→ **Task statement**
Copy task, pictures excluded: set down exactly the lines from the one containing "チルくてかわいいゲームなのに意外と頭も使って、ぐっすり寝れそう⸝⸝ᵕ ᵕ⸝⸝🤍" to the end of the data below.

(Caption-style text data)
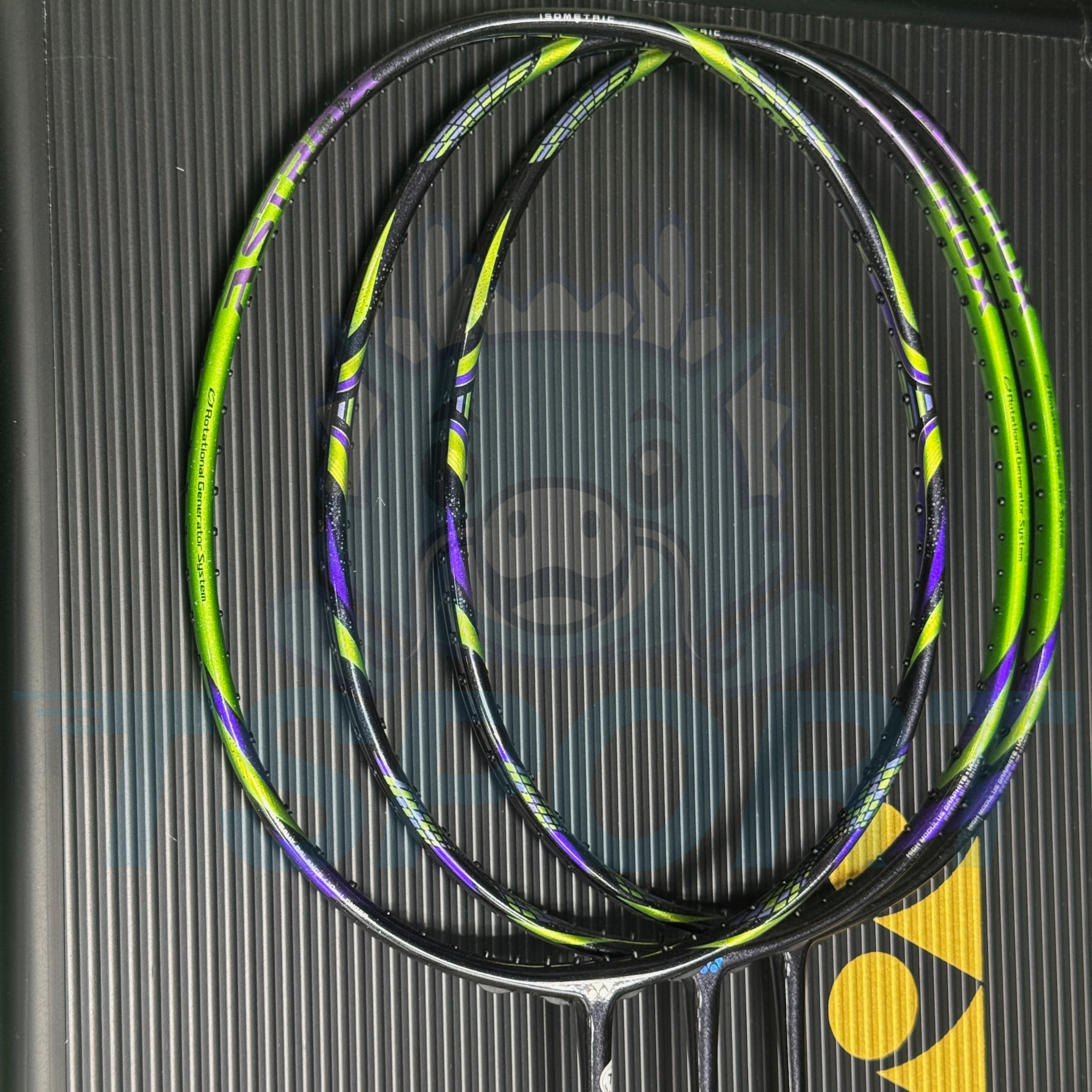 [Collect] Yonex Astrox 88D Pro China National Team Limited Badminton Racket - Green / Purple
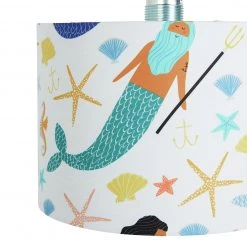 Habitat Kids Mermaid 25cm Drum Shade Multicolour Lighting 11 Habitat Kids Mermaid 25cm Drum Shade Multicolour Lighting -lighting Sales Shop unnamed file 1881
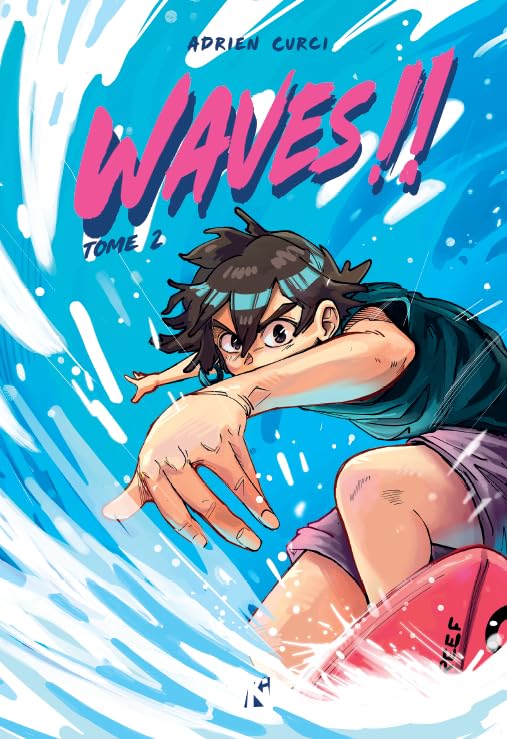 Couverture de Waves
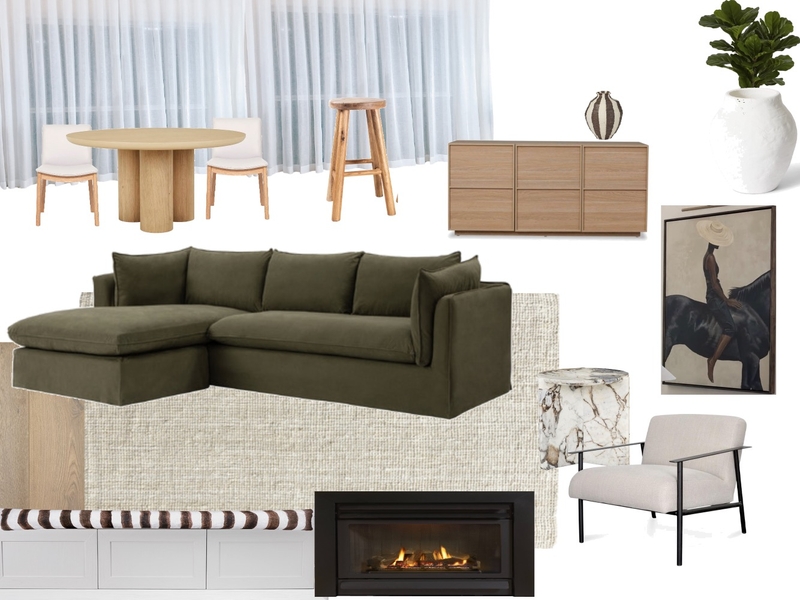 living room new Mood Board by pruewalsh on Style Sourcebook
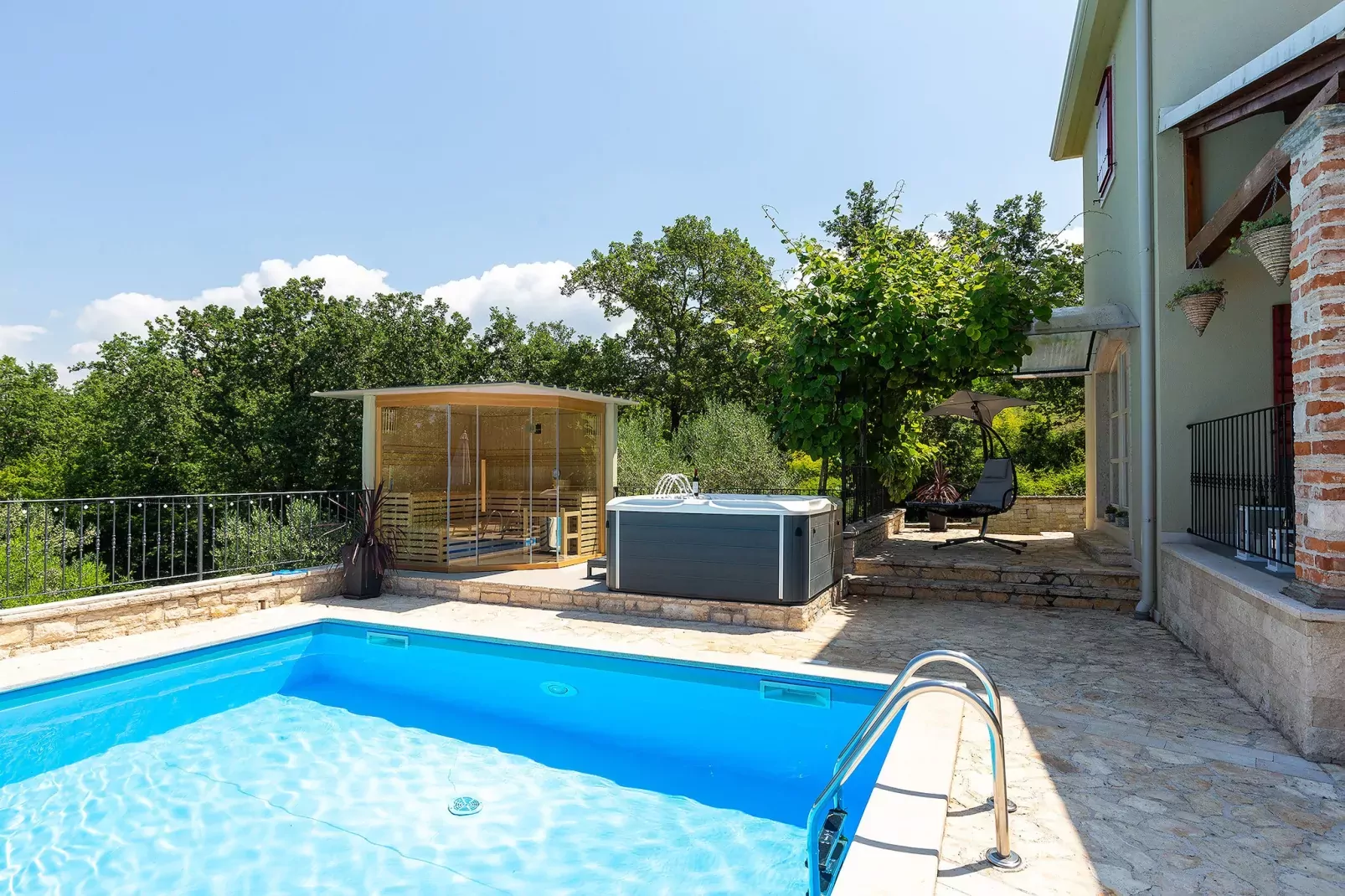 Villa Stupenda-Jardin d'été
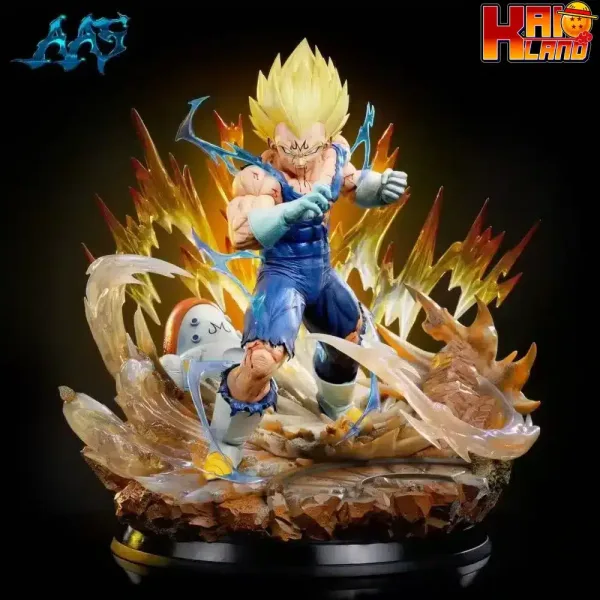 Dragon Ball ArmyAnt Studio Majin Vegeta Resin Statue 1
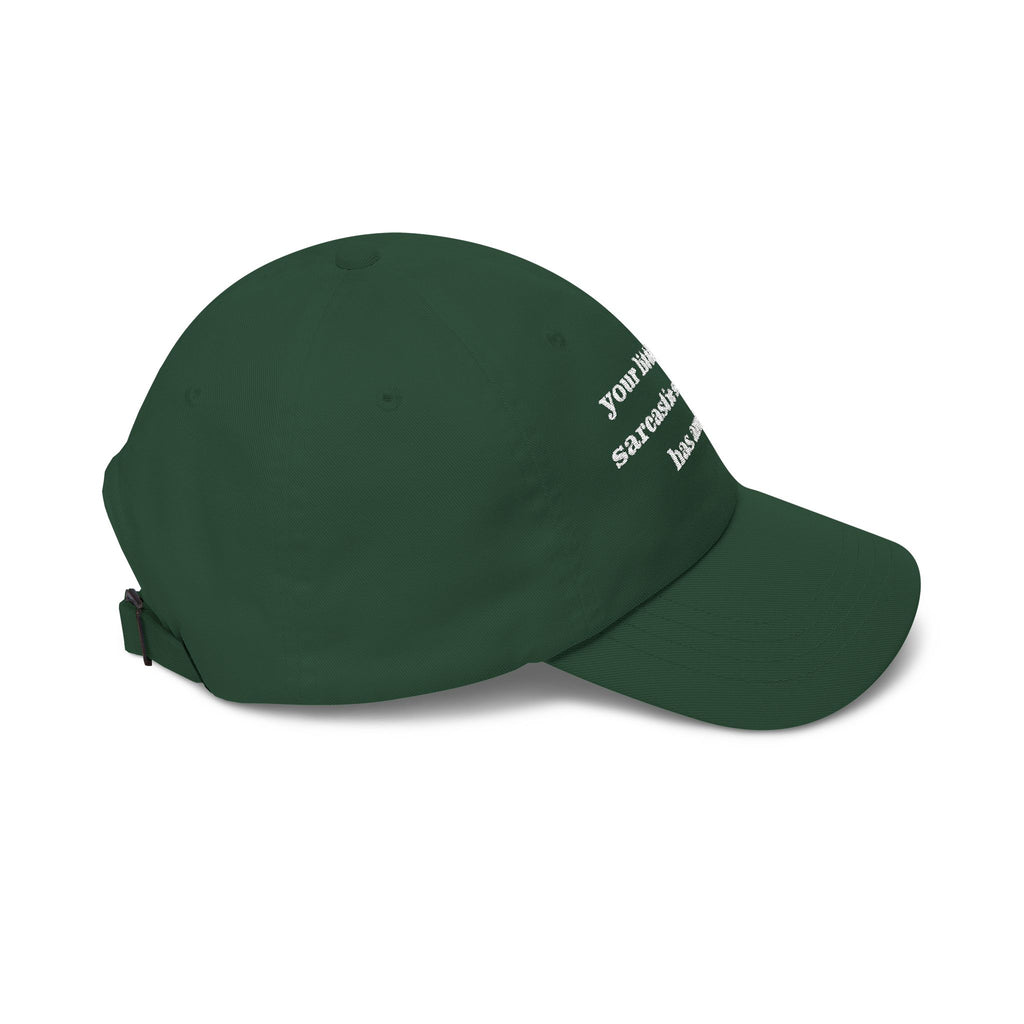 Premium Quality The "Sarcastic Sunshine" Signature Cap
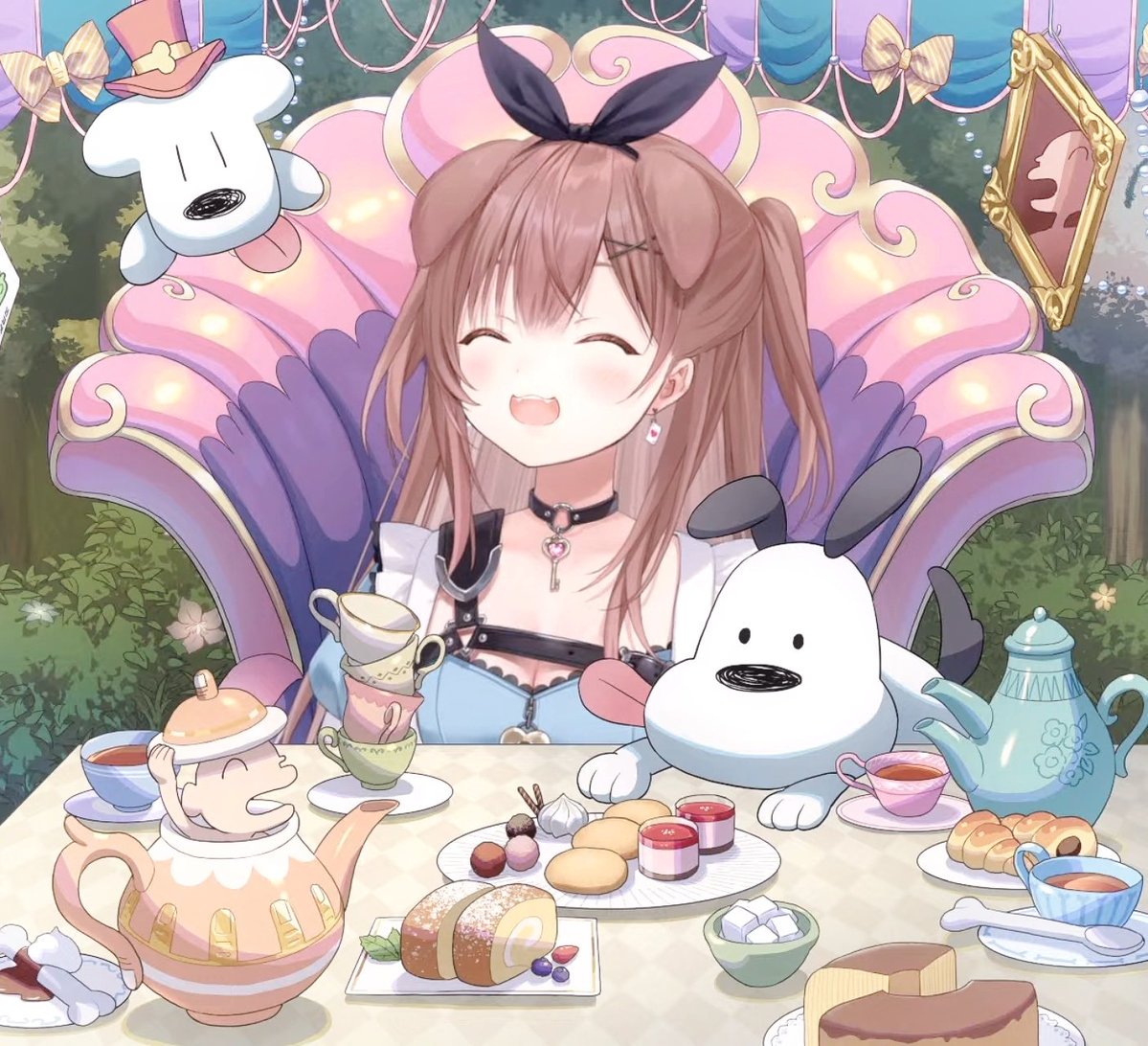 深夜のチル配信おつころーん♪
チルくてかわいいゲームなのに意外と頭も使って、ぐっすり寝れそう⸝⸝ᵕ ᵕ⸝⸝🤍
ころさんゲームセンスさすがだよ❕️
お仕事のあとに遊んでくれてありがとね♡
めっちゃ癒やしの時間だった～！🫶🏻🫶🏻

#生神もんざえもん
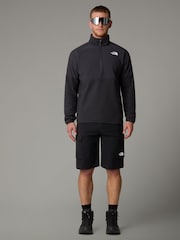 The North Face Black Grey Exploration Shorts - Image 1 of 3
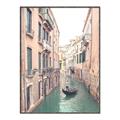 Picture of Gondalas in Venice II  _GroupedProduct_Rectangle_Portrait_Canvas_Framed_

→ **Output**
チルくてかわいいゲームなのに意外と頭も使って、ぐっすり寝れそう⸝⸝ᵕ ᵕ⸝⸝🤍
ころさんゲームセンスさすがだよ❕️
お仕事のあとに遊んでくれてありがとね♡
めっちゃ癒やしの時間だった～！🫶🏻🫶🏻

#生神もんざえもん
 The North Face Black Grey Exploration Shorts - Image 1 of 3
 Picture of Gondalas in Venice II  _GroupedProduct_Rectangle_Portrait_Canvas_Framed_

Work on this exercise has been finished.